# [WHAT THIS TASK INVOLVES]
Taking the entries below, transcribe only the lines starting with the one with "3 bedroom Apartment" and going on through the one with "RACISME CONTRE KYLIAN", exactly as written, without the pictures.
*** SUPPLIED MATERIAL ***
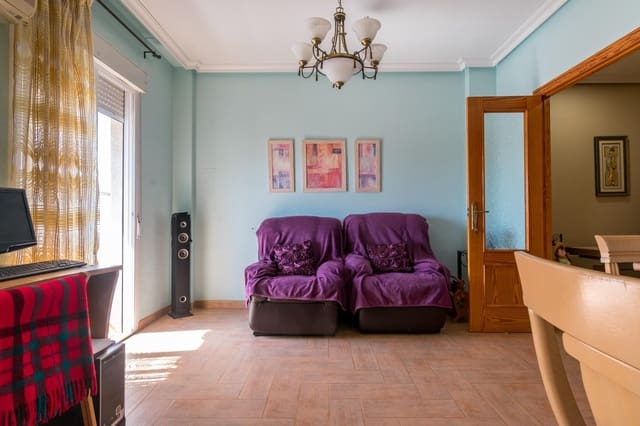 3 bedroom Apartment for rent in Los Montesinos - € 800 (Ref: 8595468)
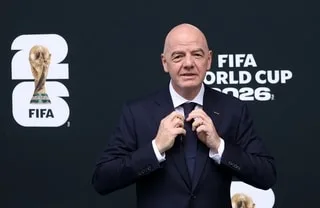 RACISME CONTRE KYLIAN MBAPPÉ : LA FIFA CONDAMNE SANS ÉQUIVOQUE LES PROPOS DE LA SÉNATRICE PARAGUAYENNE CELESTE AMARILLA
*** End of SUPPLIED MATERIAL ***
*** SUPPLIED MATERIAL ***
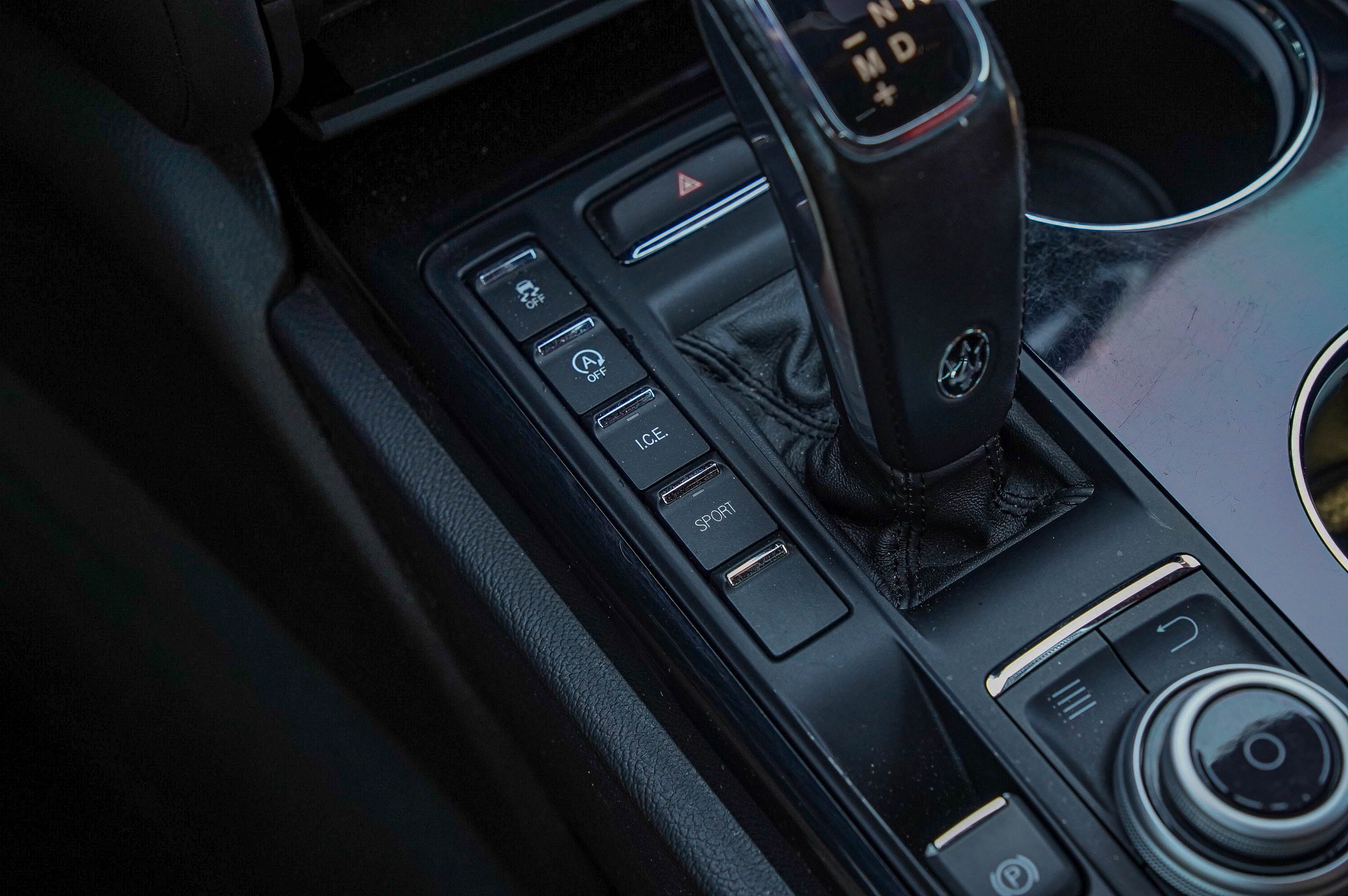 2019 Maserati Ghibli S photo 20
*** End of SUPPLIED MATERIAL ***
# [SOLUTION]
 3 bedroom Apartment for rent in Los Montesinos - € 800 (Ref: 8595468)
 RACISME CONTRE KYLIAN MBAPPÉ : LA FIFA CONDAMNE SANS ÉQUIVOQUE LES PROPOS DE LA SÉNATRICE PARAGUAYENNE CELESTE AMARILLA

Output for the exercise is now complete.